Excerpted records —
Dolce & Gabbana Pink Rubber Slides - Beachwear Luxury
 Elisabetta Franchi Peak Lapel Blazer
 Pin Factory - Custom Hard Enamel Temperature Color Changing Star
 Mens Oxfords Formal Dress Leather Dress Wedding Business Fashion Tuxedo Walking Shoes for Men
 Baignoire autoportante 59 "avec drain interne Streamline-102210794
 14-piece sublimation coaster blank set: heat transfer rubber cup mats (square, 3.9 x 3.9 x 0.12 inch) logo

Work instruction — Please print all of the material again with no alteration.

Solution below —
Dolce & Gabbana Pink Rubber Slides - Beachwear Luxury
 Elisabetta Franchi Peak Lapel Blazer
 Pin Factory - Custom Hard Enamel Temperature Color Changing Star
 Mens Oxfords Formal Dress Leather Dress Wedding Business Fashion Tuxedo Walking Shoes for Men
 Baignoire autoportante 59 "avec drain interne Streamline-102210794
 14-piece sublimation coaster blank set: heat transfer rubber cup mats (square, 3.9 x 3.9 x 0.12 inch) logo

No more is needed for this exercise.